= Judah ben Nathan =

12th century bible commentator, son-in-law of Rashi

Judah ben Nathan, also referred to by the Hebrew acronym RiVaN, was a gifted French rabbi and commentator on the Talmud in the eleventh to twelfth century, best known for being the son-in-law and pupil of the great commentator Rashi, and to a great extent his continuator.

It was Judah who completed Rashi's commentary on tractate Makkot of the Talmud (from 19b to the end), and who wrote the commentary on Nazir which is erroneously attributed to Rashi. He is also known to have written independent commentaries on Eruvin, Shabbat, Yevamot, and Pesahim. Finally, Halberstam manuscript No. 323 contains a fragment of Judah's commentary on Nedarim.

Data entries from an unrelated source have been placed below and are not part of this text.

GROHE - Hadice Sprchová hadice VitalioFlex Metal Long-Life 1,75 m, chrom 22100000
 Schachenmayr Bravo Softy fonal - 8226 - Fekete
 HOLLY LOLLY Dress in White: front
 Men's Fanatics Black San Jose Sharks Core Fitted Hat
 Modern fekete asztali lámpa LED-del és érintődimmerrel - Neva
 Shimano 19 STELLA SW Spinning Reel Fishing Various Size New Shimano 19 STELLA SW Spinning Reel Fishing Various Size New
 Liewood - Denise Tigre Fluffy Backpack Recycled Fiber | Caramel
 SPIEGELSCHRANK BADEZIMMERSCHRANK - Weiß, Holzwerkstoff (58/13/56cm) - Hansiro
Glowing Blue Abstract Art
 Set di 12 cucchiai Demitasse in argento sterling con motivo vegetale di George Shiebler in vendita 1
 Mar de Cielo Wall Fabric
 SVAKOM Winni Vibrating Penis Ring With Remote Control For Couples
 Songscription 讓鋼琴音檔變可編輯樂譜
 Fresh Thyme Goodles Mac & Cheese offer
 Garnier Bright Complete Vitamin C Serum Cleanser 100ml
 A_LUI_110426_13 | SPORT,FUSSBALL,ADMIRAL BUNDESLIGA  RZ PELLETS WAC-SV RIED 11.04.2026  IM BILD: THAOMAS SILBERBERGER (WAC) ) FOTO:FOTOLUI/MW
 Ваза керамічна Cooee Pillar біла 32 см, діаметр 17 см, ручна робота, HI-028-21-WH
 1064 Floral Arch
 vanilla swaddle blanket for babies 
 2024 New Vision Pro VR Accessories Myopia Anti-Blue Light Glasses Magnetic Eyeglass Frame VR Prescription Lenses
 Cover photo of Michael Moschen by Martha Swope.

He also contributed some of the first tosafot (additions) to Rashi's Talmud commentary, pulling out certain points in greater detail. It is generally considered that Judah b. Nathan wrote tosafot to several treatises of the Talmud, and he is mentioned as a tosafist in Haggahot Mordekhai (Sanhedrin, No. 696). He is often quoted in the edited tosafot.

Judah married Rashi's second daughter Miriam, and they had several children. Their son Yom Tov later moved to Paris and headed a yeshiva there, along with his brothers Shimson and Eliezer; their daughter, Alvina, was a learned woman whose customs served as the basis for later halakhic decisions.